Work item:
Print the listing exactly as it stands. Skip every picture.

Material provided:
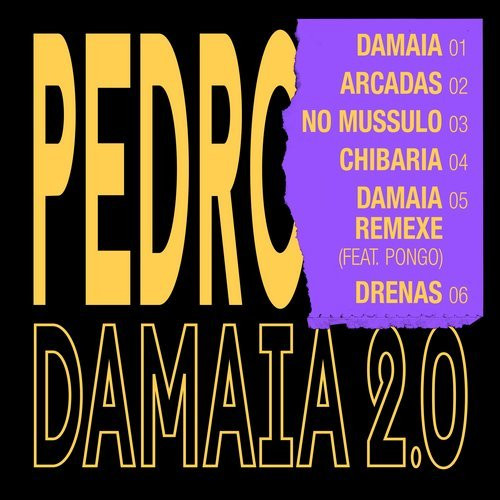 last ned album Pedro - Damaia 20
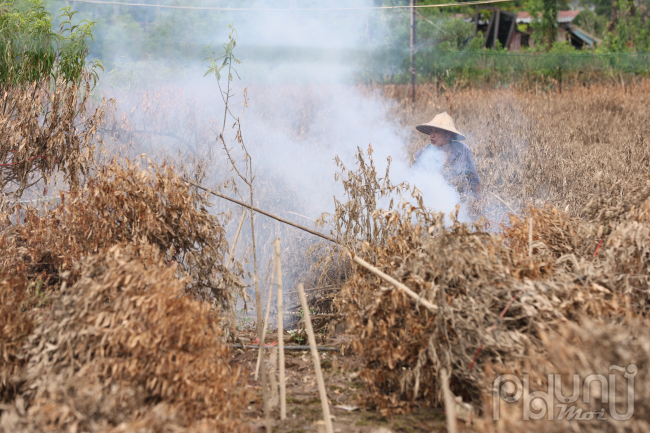 Với 802 hộ dân gắn bó, đào Nhật Tân không chỉ là nguồn sinh kế quan trọng mà còn là sản phẩm OCOP 4 sao, góp phần quảng bá hình ảnh làng nghề đến du khách.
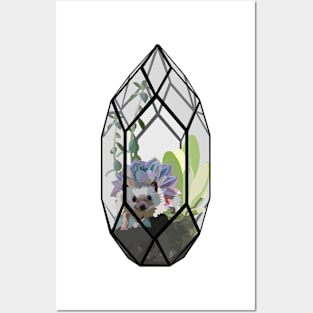 Hedgehog Terrarium Posters and Art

Written answer:
 last ned album Pedro - Damaia 20
 Với 802 hộ dân gắn bó, đào Nhật Tân không chỉ là nguồn sinh kế quan trọng mà còn là sản phẩm OCOP 4 sao, góp phần quảng bá hình ảnh làng nghề đến du khách.
 Hedgehog Terrarium Posters and Art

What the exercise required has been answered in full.